O terapeuta afirma que a regulamentação tende a melhorar a função porque quanto mais reconhecimento e capacitados forem todos os terapeutas, a profissão ganha mais força. Dando mais subsídios para a difusão dos conhecimentos, a área também será mais validada.

O consultor Marcello Cassiano afirma que, para regulamentar uma profissão, primeiro deve-se chegar à conclusão de que essa profissão, se for exercida por quem não é qualificado, vai acarretar um risco à sociedade. Assim elimina-se a possibilidade de se regulamentar uma profissão apenas para valorizar determinada categoria.

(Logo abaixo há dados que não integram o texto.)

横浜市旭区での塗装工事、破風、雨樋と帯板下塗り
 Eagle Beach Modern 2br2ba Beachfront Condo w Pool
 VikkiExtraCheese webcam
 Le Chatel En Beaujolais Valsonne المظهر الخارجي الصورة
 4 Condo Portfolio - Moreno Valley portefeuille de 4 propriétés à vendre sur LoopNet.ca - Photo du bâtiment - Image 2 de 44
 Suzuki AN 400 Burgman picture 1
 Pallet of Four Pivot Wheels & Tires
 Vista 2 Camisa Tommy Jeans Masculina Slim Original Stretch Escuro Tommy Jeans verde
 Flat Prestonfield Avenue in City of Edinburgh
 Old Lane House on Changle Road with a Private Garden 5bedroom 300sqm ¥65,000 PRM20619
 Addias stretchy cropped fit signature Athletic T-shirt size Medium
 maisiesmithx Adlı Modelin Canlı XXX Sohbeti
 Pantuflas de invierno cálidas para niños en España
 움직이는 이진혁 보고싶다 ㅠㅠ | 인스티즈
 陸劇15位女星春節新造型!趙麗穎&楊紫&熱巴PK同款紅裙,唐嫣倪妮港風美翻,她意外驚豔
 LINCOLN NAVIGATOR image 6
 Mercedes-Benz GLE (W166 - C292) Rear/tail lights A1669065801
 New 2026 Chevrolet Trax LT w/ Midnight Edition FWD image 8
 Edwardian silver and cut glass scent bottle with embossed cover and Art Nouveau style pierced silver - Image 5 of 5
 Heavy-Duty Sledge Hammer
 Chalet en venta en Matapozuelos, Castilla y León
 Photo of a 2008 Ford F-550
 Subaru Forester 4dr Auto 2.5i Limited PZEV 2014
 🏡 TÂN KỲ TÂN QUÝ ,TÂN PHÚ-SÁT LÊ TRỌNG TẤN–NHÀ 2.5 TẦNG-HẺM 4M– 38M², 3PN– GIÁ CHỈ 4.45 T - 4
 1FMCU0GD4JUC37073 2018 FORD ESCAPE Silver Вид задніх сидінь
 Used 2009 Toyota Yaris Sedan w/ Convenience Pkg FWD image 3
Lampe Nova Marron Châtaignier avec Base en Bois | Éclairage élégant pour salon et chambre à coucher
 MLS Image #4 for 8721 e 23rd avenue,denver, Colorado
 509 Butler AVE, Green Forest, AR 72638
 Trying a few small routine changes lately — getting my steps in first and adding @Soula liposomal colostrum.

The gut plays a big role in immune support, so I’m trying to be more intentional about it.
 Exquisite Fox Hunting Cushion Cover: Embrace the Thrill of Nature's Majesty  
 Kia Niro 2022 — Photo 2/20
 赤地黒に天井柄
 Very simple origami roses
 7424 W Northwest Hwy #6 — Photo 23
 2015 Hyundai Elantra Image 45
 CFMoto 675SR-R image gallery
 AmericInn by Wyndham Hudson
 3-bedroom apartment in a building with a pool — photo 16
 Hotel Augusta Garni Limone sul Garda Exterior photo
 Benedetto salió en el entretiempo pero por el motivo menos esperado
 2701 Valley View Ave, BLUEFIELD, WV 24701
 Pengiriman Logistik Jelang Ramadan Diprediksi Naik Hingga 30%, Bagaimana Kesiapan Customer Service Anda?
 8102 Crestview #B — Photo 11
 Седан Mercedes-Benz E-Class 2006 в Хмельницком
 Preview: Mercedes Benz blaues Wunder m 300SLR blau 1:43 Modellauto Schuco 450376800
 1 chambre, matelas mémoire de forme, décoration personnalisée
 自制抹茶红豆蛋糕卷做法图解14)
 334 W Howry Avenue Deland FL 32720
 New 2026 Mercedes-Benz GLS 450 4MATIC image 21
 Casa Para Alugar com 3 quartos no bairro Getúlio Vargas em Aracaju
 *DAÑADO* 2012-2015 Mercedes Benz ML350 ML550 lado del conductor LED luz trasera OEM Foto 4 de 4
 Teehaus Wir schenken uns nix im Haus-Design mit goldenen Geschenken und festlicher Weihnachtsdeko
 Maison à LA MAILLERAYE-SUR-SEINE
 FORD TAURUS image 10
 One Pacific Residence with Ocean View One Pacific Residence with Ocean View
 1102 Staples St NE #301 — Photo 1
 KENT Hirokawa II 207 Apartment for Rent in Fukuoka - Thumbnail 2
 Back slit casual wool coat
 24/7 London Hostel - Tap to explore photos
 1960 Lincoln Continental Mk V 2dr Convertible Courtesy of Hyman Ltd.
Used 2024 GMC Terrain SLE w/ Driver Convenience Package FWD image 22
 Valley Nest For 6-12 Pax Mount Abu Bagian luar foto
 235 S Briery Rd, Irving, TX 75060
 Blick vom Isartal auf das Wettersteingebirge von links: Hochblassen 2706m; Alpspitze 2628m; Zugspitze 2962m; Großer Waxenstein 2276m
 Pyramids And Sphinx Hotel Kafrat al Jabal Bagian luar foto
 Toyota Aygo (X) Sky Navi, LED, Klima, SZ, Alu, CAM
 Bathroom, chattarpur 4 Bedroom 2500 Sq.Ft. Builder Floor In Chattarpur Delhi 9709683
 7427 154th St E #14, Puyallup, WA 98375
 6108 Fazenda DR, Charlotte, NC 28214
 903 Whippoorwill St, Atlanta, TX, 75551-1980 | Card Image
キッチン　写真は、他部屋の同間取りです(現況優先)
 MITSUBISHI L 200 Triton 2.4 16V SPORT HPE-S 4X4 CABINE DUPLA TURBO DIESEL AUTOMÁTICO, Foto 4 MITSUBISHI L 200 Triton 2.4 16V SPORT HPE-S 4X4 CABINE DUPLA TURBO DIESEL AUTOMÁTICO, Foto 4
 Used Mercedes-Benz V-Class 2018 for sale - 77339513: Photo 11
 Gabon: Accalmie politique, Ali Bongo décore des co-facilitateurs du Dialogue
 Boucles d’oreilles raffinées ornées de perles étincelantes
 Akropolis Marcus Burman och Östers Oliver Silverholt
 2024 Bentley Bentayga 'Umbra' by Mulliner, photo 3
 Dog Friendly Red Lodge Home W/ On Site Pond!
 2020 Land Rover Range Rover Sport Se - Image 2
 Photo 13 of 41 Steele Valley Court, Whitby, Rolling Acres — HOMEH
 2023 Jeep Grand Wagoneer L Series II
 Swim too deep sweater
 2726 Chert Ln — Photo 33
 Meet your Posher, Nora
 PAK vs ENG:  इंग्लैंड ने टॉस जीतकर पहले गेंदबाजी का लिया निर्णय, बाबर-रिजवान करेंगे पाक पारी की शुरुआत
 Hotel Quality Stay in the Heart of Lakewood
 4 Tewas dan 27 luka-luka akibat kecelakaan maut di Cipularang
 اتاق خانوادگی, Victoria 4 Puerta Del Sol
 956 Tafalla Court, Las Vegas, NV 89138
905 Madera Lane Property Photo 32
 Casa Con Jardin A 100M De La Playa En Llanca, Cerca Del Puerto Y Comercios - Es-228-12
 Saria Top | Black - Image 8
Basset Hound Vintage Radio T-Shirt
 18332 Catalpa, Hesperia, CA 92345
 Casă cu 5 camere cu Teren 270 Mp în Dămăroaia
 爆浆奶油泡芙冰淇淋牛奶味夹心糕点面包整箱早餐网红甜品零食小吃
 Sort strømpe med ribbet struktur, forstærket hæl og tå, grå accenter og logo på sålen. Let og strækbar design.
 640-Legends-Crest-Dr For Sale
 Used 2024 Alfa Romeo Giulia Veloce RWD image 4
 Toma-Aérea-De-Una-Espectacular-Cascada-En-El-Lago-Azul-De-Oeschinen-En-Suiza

— A valorização de uma profissão tem de ser dada pelo mercado, ou seja, um mercado que reconheça a importância dessa categoria. Pois bem, se chegarmos à conclusão de que é uma profissão que coloca em risco o interesse social, de nada adianta estabelecer restrições a esse exercício, exigindo, por exemplo, um diploma de bacharelado, se você não tiver um órgão fiscalizador. Porque se uma restrição é estabelecida sem ter o órgão que a fiscaliza, essa restrição no mundo dos fatos não vale nada.

Fiscalização

Porém, o senador reforça que existem atividades que já são fiscalizadas por outros órgãos, como os professores que atuam na educação formal e se submetem à fiscalização dos conselhos de educação nos três níveis de governo: federal, estadual, municipal ou distrital. Os conselhos são órgãos de regulamentação dos profissionais que atuam no exercício da docência em todo o país.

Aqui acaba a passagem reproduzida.